A systematic review to evaluate the accuracy of electronic adverse drug event detection

Alan J Forster, Alison Jennings, Claire Chow, Ciera Leeder, Carl van Walraven
DOI: http://dx.doi.org/10.1136/amiajnl-2011-000454 31-38 First published online: 1 January 2012


Objective Adverse drug events (ADEs), defined as adverse patient outcomes caused by medications, are common and difficult to detect. Electronic detection of ADEs is a promising method to identify ADEs. We performed this systematic review to characterize established electronic detection systems and their accuracy.

Methods We identified studies evaluating electronic ADE detection from the MEDLINE and EMBASE databases. We included studies if they contained original data and involved detection of electronic triggers using information systems. We abstracted data regarding rule characteristics including type, accuracy, and rationale.

Results Forty-eight studies met our inclusion criteria. Twenty-four (50%) studies reported rule accuracy but only 9 (18.8%) utilized a proper gold standard (chart review in all patients). Rule accuracy was variable and often poor (range of sensitivity: 40%–94%; specificity: 1.4%–89.8%; positive predictive value: 0.9%–64%). 5 (10.4%) studies derived or used detection rules that were defined by clinical need or the underlying ADE prevalence. Detection rules in 8 (16.7%) studies detected specific types of ADEs.

Conclusion Several factors led to inaccurate ADE detection algorithms, including immature underlying information systems, non-standard event definitions, and variable methods for detection rule validation.

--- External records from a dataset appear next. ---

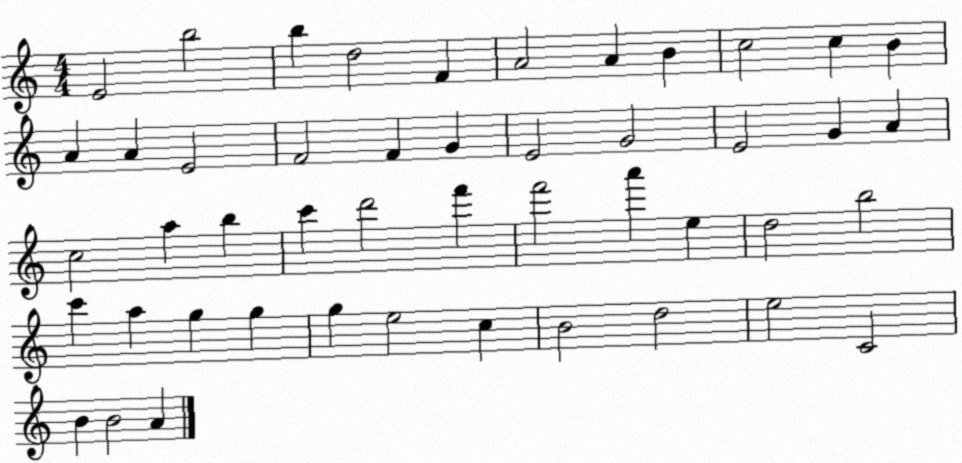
X:1
T:Untitled
M:4/4
L:1/4
K:C
E2 b2 b d2 F A2 A B c2 c B A A E2 F2 F G E2 G2 E2 G A c2 a b c' d'2 f' f'2 a' e d2 b2 c' a g g g e2 c B2 d2 e2 C2 B B2 A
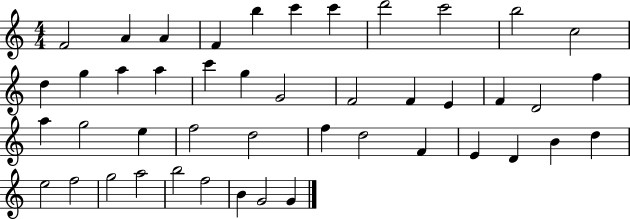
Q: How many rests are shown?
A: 0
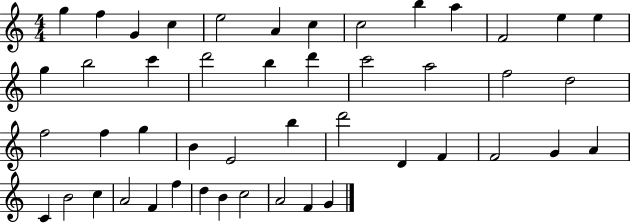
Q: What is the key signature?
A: C major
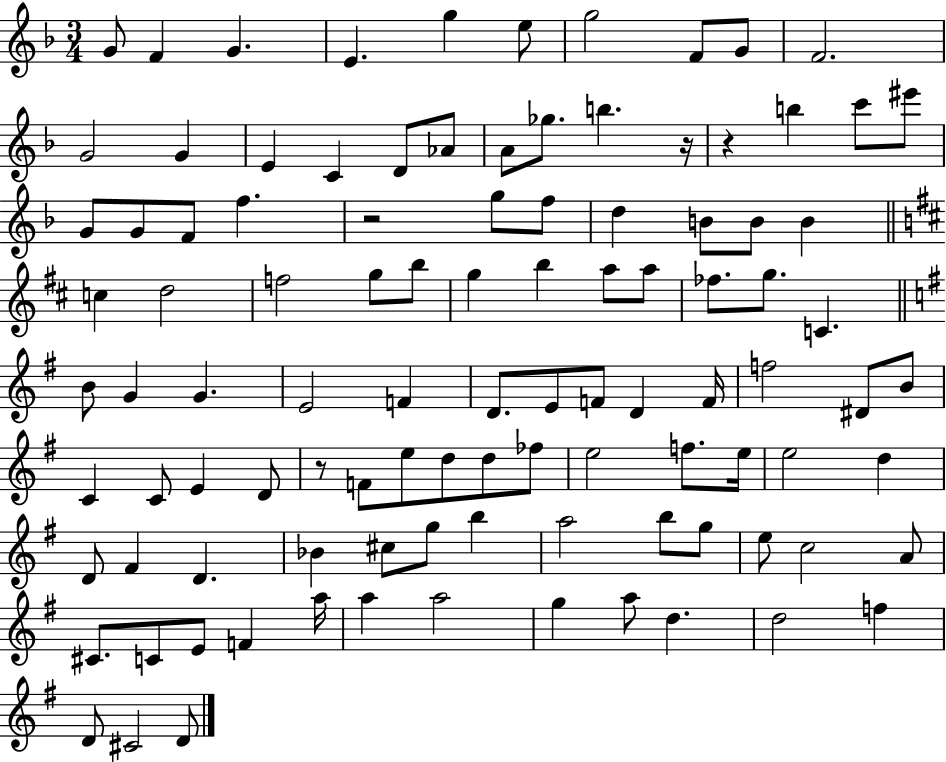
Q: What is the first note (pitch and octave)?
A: G4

Few ADE detection algorithms considered clinical priorities. To enhance the utility of electronic detection systems, there is a need to systematically address these factors.

  • Adverse drug reactions
  • adverse drug events
  • electronic triggers
  • hospital information systems
  • accuracy
  • patient safety


Adverse drug events (ADEs) occur when patients experience medication related harm. ADEs occur in 6.5% of hospitalized patients and are considered a major threat to patient safety.1 To reduce ADEs it is necessary to systematically detect them. Unfortunately, voluntary incident reporting, retrospective chart reviews, and prospective ADE surveillance, representing the currently used methods of ADE detection, are limited in effectiveness or affordability. ‘Electronic ADE detection’ uses computer-based algorithms to automatically screen electronic healthcare databases for events suggestive of ADEs. Such computer-based methods involve queries of data that reside in different hospital information systems including laboratory, pharmacy, and administrative databases.2 This approach has been promoted as a potential meaningful use of electronic health record data.

There are several advantages of using electronic methods for ADE detection. They are based on routinely collected, readily available data and are therefore less expensive and less time-consuming than medical record review. In addition, database queries are based on objective criteria (eg, diagnostic codes, laboratory values) that lead to standardized detection processes3 and eliminate reviewer subjectivity and error.2 ,4 ,5 Finally, some electronic data are available in real time and allow for prospective detection and prompt interventions.6 ,7

Despite the promise that electronic methods hold for identifying ADEs, there are several barriers to realizing their full potential. The accuracy of electronic ADE detection is a function of the availability of integrated data systems and their criteria.8 ADE detection rules based on non-integrated information systems will be less specific because they will be restricted to single clinical criteria. Finally, electronic ADE detection is further complicated by inconsistent ADE definitions,4 nomenclature,3 and methods for defining a gold standard.7 ,9 These inconsistencies make building reliable ADE detection systems difficult, and are problematic for internal and external validity.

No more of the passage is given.